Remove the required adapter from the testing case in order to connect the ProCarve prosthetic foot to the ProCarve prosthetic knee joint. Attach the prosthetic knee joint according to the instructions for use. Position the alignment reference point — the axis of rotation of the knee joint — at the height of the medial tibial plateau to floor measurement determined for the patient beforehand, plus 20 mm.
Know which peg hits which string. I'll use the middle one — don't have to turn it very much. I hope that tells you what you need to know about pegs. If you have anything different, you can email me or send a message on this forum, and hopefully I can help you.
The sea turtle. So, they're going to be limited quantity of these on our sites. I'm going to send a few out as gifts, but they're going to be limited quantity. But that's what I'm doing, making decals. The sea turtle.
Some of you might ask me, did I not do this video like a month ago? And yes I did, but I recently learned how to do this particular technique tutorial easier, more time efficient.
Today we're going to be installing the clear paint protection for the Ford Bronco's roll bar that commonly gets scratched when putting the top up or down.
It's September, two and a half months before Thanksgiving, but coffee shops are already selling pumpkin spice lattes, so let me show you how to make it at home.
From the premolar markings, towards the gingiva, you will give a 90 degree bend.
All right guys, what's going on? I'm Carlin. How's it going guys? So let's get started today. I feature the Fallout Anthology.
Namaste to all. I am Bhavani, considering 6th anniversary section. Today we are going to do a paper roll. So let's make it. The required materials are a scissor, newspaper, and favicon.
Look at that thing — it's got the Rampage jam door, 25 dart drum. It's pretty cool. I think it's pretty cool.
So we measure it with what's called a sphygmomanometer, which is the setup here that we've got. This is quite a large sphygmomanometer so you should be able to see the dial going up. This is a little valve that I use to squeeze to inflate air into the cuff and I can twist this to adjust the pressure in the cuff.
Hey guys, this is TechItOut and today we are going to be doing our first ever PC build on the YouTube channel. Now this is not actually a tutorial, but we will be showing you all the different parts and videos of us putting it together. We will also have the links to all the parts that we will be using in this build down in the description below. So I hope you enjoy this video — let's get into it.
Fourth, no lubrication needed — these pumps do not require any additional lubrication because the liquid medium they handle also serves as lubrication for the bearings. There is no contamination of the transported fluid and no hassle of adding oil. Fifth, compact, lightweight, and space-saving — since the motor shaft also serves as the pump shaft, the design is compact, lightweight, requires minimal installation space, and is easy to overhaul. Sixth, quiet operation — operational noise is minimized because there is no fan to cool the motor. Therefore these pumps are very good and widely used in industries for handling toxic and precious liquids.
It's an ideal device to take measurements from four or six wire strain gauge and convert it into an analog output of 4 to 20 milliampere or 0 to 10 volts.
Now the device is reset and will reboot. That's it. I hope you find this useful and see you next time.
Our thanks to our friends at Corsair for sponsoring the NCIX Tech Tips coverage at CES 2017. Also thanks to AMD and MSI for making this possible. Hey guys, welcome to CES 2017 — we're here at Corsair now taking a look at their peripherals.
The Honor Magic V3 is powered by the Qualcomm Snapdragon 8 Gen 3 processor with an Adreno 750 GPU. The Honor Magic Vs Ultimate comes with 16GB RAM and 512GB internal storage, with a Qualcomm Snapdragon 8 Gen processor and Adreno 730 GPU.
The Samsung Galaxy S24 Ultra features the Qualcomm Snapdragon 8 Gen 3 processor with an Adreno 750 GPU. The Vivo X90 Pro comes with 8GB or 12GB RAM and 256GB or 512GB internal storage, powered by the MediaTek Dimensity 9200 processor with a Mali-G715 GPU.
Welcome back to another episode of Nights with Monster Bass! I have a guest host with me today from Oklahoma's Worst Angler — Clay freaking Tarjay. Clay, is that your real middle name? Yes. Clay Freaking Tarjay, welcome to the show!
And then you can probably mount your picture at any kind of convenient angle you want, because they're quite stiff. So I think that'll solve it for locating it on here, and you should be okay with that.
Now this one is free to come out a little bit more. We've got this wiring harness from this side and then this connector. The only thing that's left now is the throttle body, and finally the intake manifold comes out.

------------------------------------

- _What you should do_
From the material above, set down exactly the lines between the line holding "Namaste to all." and the line holding "So we measure", inclusive. Include nothing else.

- _Response area_
Namaste to all. I am Bhavani, considering 6th anniversary section. Today we are going to do a paper roll. So let's make it. The required materials are a scissor, newspaper, and favicon.
Look at that thing — it's got the Rampage jam door, 25 dart drum. It's pretty cool. I think it's pretty cool.
So we measure it with what's called a sphygmomanometer, which is the setup here that we've got. This is quite a large sphygmomanometer so you should be able to see the dial going up. This is a little valve that I use to squeeze to inflate air into the cuff and I can twist this to adjust the pressure in the cuff.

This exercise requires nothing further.